Records shown:
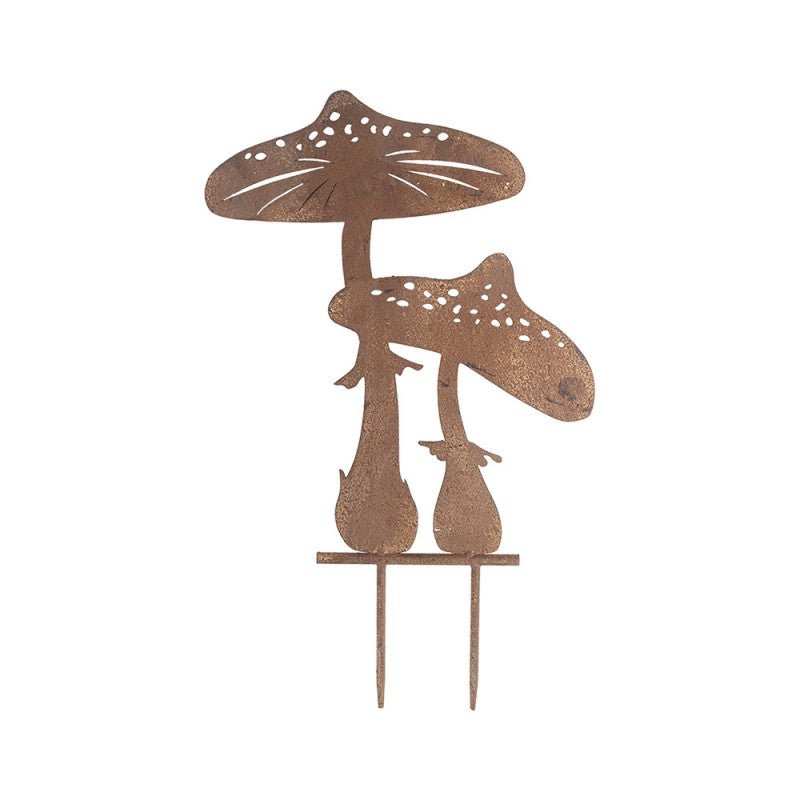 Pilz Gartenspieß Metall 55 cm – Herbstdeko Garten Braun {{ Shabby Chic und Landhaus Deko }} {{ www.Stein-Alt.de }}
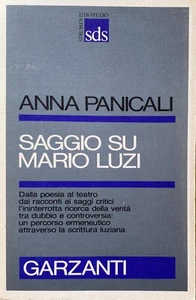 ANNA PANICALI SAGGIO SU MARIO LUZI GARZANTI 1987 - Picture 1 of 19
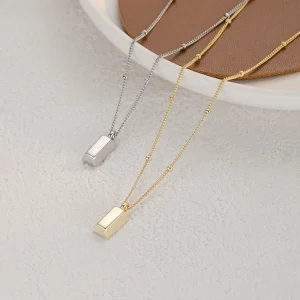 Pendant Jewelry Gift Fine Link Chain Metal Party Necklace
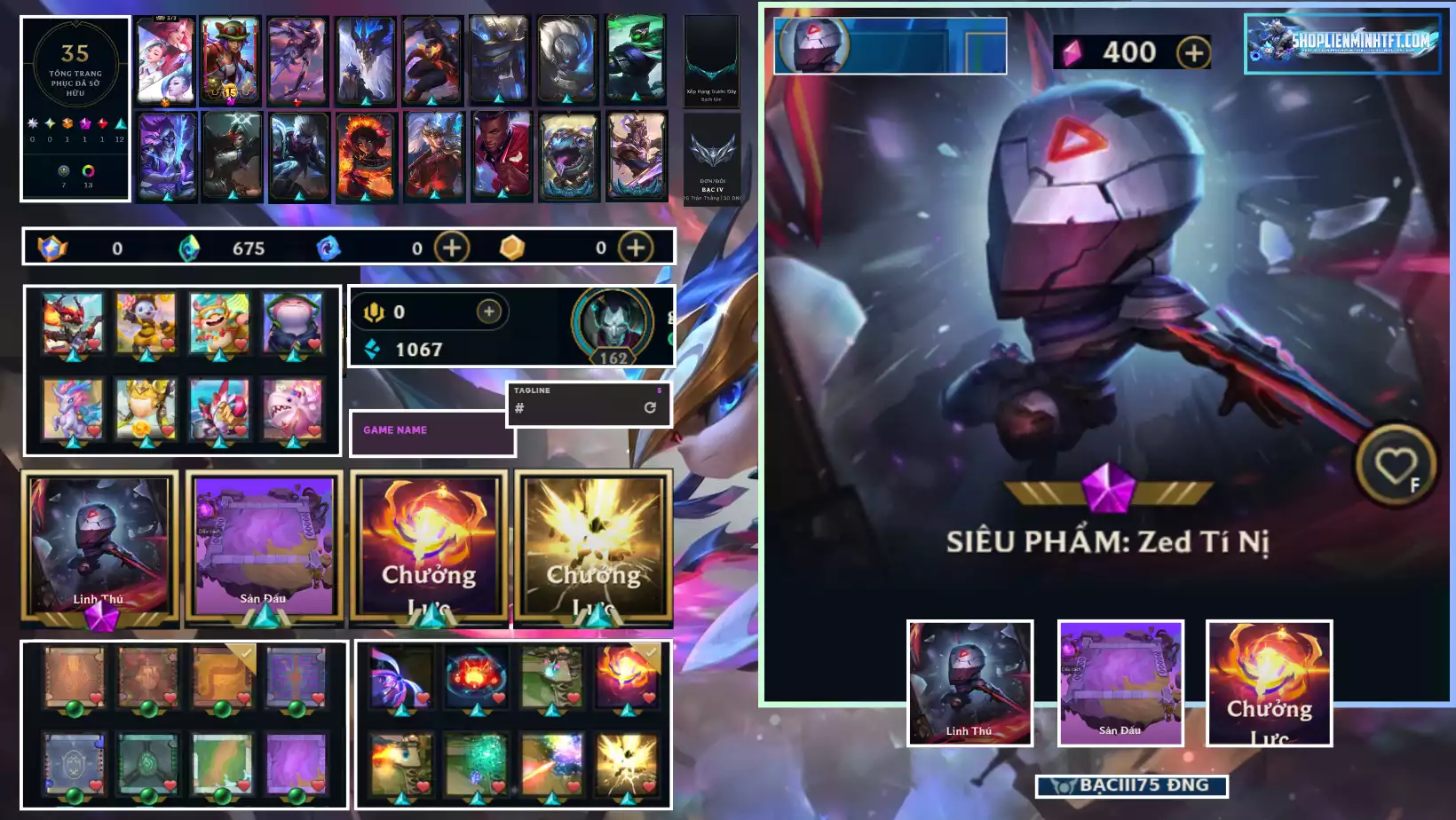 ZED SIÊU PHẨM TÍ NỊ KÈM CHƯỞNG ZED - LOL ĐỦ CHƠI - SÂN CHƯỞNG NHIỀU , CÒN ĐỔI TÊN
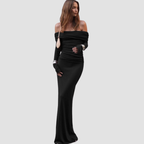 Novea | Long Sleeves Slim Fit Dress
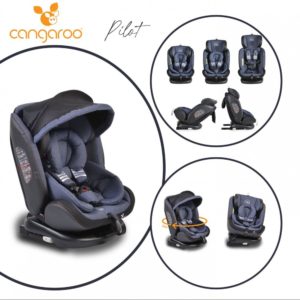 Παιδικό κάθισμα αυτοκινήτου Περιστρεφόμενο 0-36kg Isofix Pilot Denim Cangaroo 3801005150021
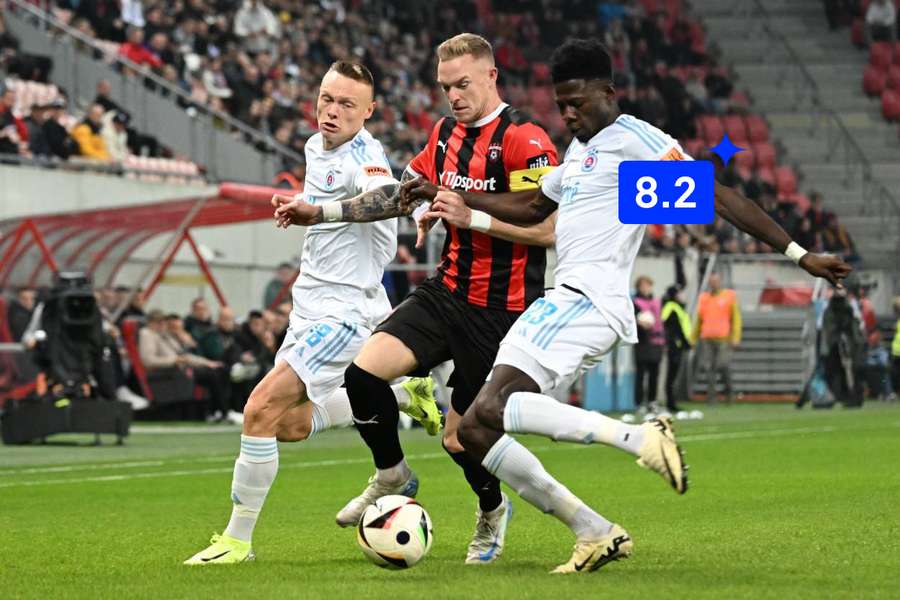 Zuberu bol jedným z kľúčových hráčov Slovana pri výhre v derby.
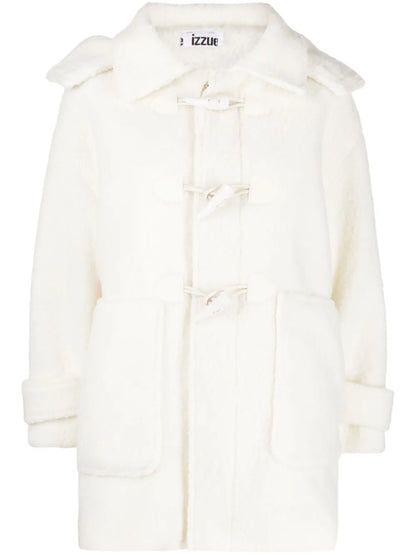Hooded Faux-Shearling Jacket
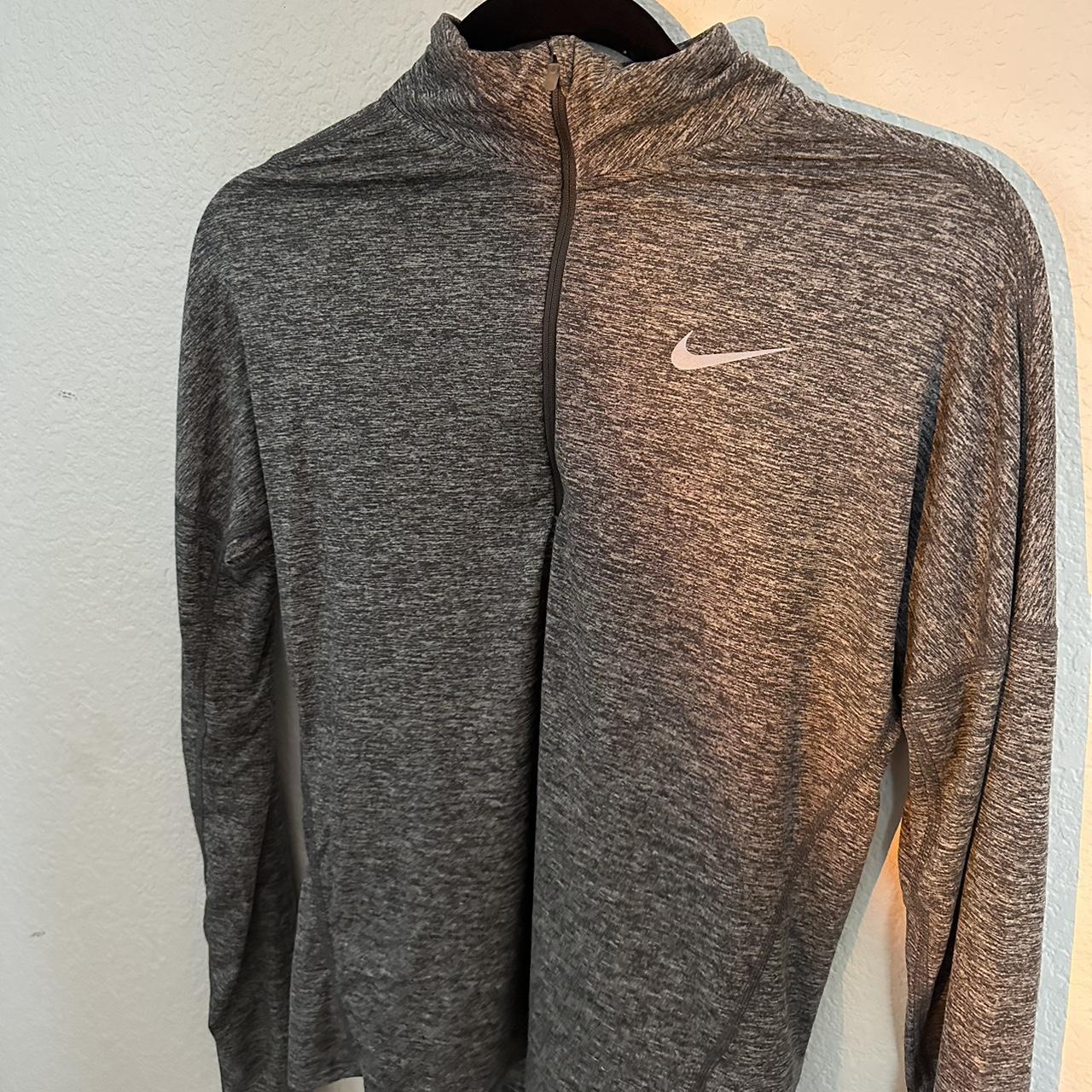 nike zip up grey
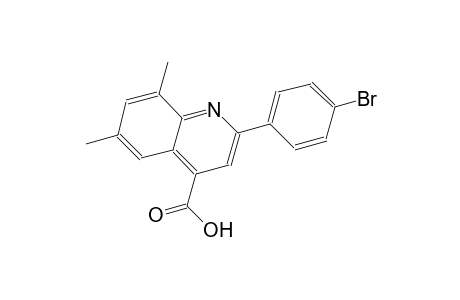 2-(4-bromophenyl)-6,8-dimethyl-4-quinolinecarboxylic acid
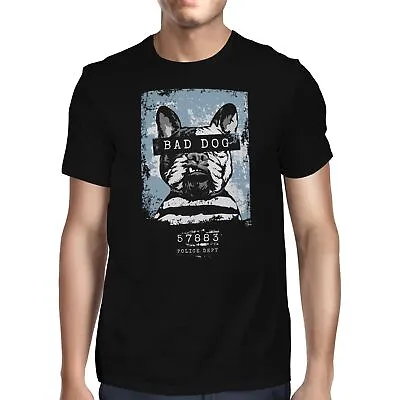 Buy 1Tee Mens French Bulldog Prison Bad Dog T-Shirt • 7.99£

Your objective:
Your answer should be the lines above from the one that contains "ANNA PANICALI SAGGIO" through the last, set down exactly, with the pictures removed.

Answer section:
 ANNA PANICALI SAGGIO SU MARIO LUZI GARZANTI 1987 - Picture 1 of 19
 Pendant Jewelry Gift Fine Link Chain Metal Party Necklace
 ZED SIÊU PHẨM TÍ NỊ KÈM CHƯỞNG ZED - LOL ĐỦ CHƠI - SÂN CHƯỞNG NHIỀU , CÒN ĐỔI TÊN
 Novea | Long Sleeves Slim Fit Dress
 Παιδικό κάθισμα αυτοκινήτου Περιστρεφόμενο 0-36kg Isofix Pilot Denim Cangaroo 3801005150021
 Zuberu bol jedným z kľúčových hráčov Slovana pri výhre v derby.
Hooded Faux-Shearling Jacket
 nike zip up grey
 2-(4-bromophenyl)-6,8-dimethyl-4-quinolinecarboxylic acid
 Buy 1Tee Mens French Bulldog Prison Bad Dog T-Shirt • 7.99£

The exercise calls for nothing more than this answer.